→ **Exercise goal**: Repeat exactly the lines of the listing from the line containing "فساتين زفاف Flavinke" through its last line, and nothing beyond them.

:: Data

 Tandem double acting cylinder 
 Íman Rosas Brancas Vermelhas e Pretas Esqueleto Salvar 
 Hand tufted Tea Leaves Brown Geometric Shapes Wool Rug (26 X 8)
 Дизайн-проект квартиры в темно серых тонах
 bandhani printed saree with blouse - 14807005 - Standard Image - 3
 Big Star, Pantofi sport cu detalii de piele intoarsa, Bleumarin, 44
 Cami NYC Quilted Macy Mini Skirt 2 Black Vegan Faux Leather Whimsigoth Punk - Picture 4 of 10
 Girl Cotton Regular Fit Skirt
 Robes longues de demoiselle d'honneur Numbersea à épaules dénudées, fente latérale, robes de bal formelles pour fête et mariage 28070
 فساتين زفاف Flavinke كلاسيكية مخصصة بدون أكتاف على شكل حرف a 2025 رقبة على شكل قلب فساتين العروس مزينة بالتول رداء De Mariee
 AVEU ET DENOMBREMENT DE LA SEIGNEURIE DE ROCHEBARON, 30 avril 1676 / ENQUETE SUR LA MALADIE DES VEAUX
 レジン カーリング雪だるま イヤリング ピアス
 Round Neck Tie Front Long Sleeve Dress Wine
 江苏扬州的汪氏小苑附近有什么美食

::::

→ **Final answer**:
 فساتين زفاف Flavinke كلاسيكية مخصصة بدون أكتاف على شكل حرف a 2025 رقبة على شكل قلب فساتين العروس مزينة بالتول رداء De Mariee
 AVEU ET DENOMBREMENT DE LA SEIGNEURIE DE ROCHEBARON, 30 avril 1676 / ENQUETE SUR LA MALADIE DES VEAUX
 レジン カーリング雪だるま イヤリング ピアス
 Round Neck Tie Front Long Sleeve Dress Wine
 江苏扬州的汪氏小苑附近有什么美食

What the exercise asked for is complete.